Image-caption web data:
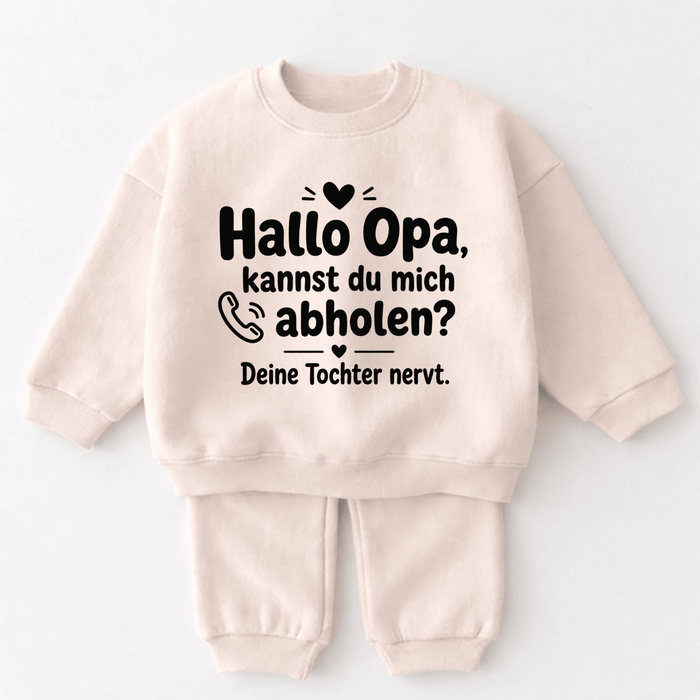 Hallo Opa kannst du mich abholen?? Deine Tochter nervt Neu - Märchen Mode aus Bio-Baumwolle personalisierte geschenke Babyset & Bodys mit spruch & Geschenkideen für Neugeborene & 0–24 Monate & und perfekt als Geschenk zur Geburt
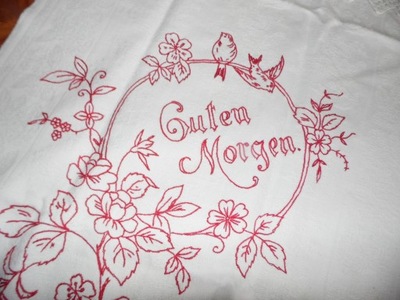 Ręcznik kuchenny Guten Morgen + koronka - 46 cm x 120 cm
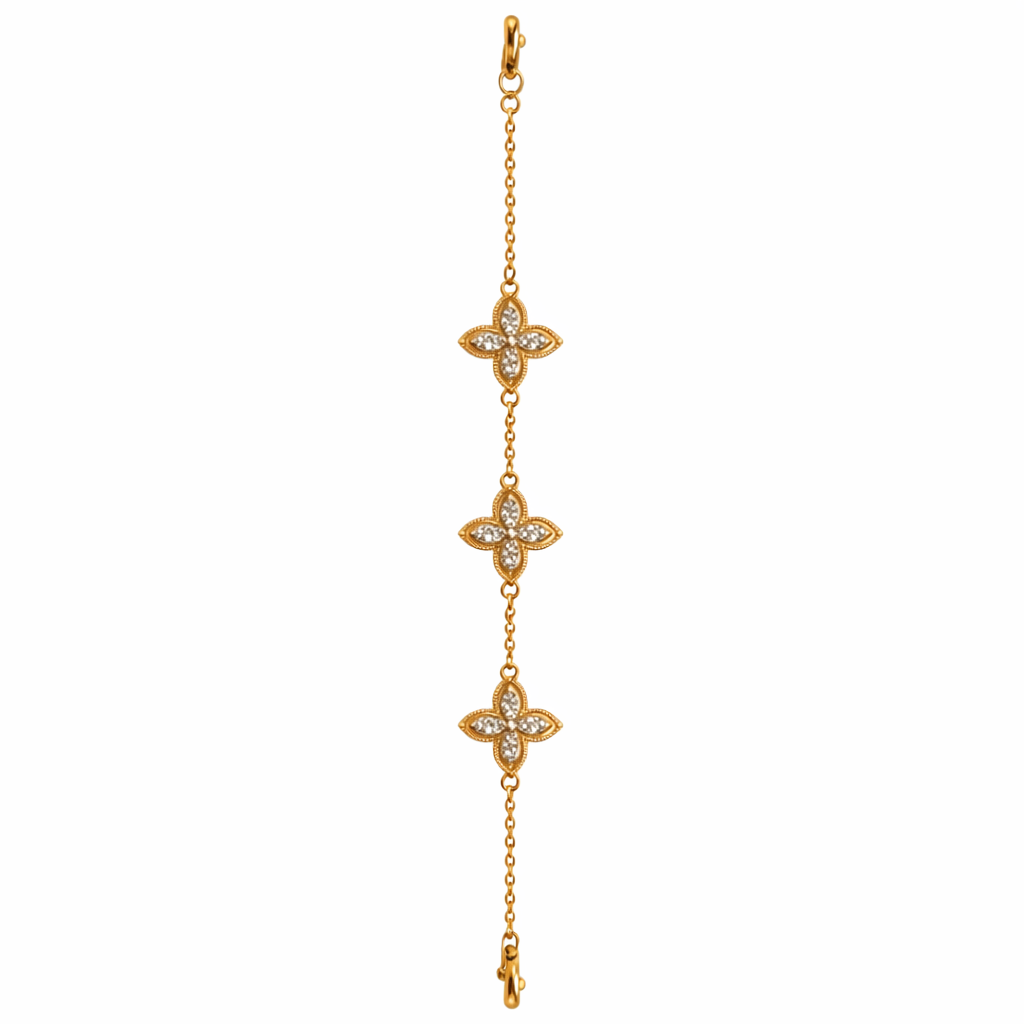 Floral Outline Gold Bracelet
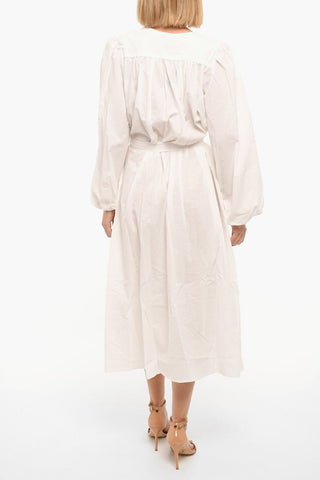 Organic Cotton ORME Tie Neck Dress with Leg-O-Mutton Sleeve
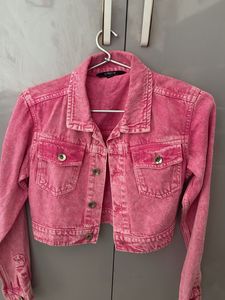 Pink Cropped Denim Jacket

...

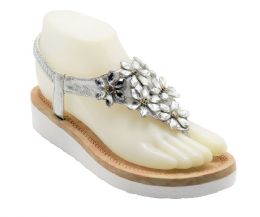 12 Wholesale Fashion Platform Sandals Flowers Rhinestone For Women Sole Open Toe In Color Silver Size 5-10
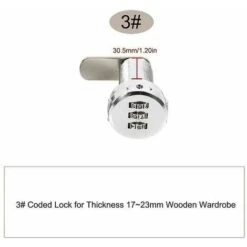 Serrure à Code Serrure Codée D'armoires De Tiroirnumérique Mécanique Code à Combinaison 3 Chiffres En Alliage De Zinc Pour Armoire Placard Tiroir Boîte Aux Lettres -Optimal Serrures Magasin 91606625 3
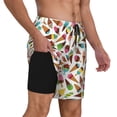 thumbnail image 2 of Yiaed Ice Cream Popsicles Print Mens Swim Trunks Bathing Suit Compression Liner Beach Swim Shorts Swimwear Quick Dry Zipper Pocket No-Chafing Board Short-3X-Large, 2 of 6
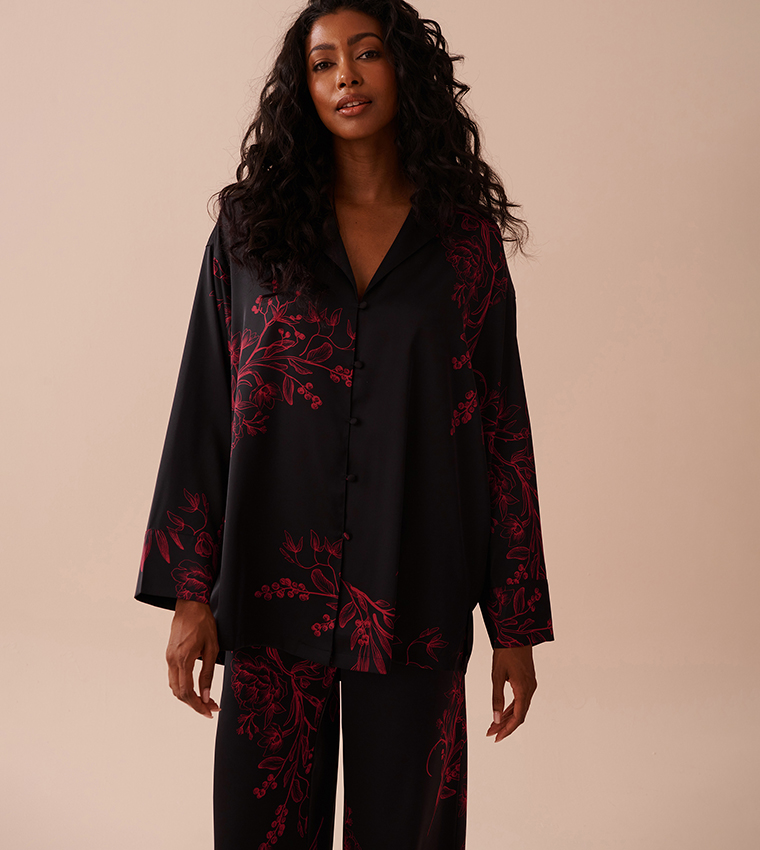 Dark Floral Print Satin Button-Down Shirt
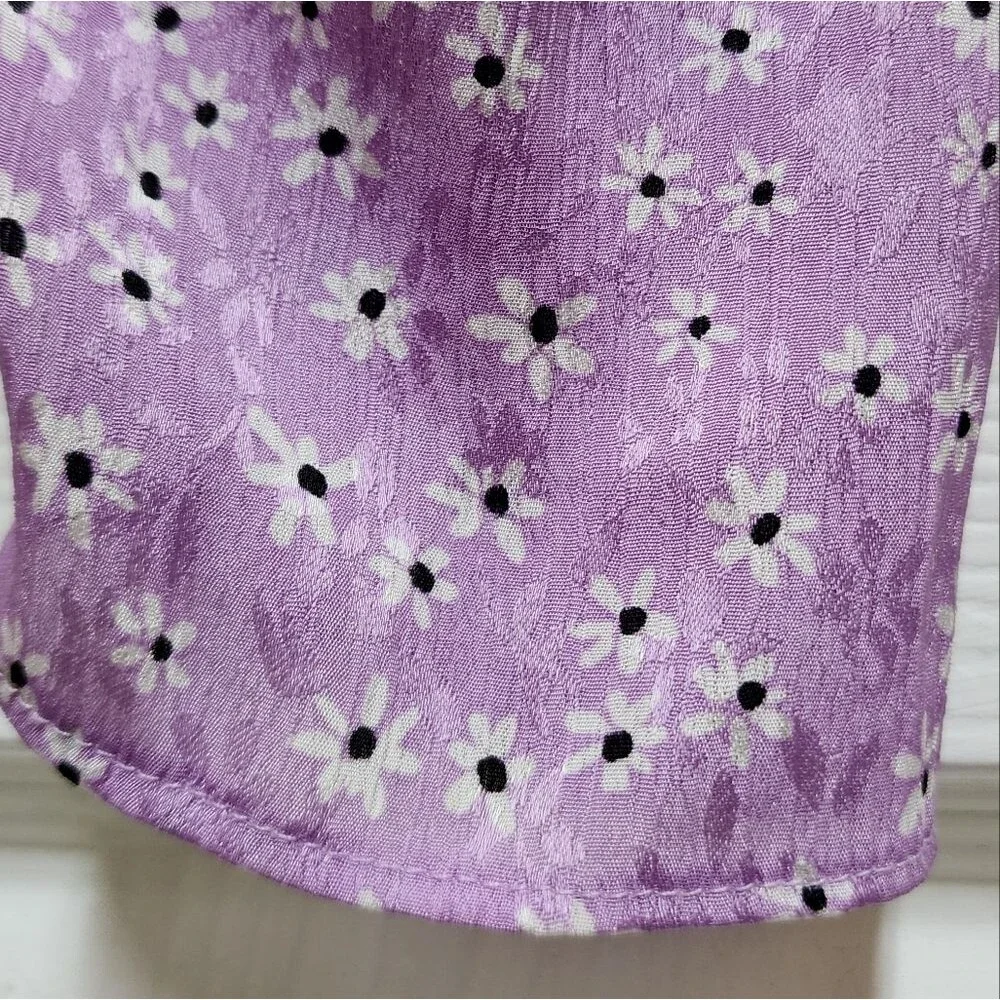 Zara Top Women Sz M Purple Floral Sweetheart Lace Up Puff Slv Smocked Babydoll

What is required: Your answer should be the exact lines above from the one containing "Floral Outline Gold Bracelet" through the one containing "Pink Cropped Denim Jacket", with both end lines kept and the pictures removed, please.

Written reply:
 Floral Outline Gold Bracelet
 Organic Cotton ORME Tie Neck Dress with Leg-O-Mutton Sleeve
 Pink Cropped Denim Jacket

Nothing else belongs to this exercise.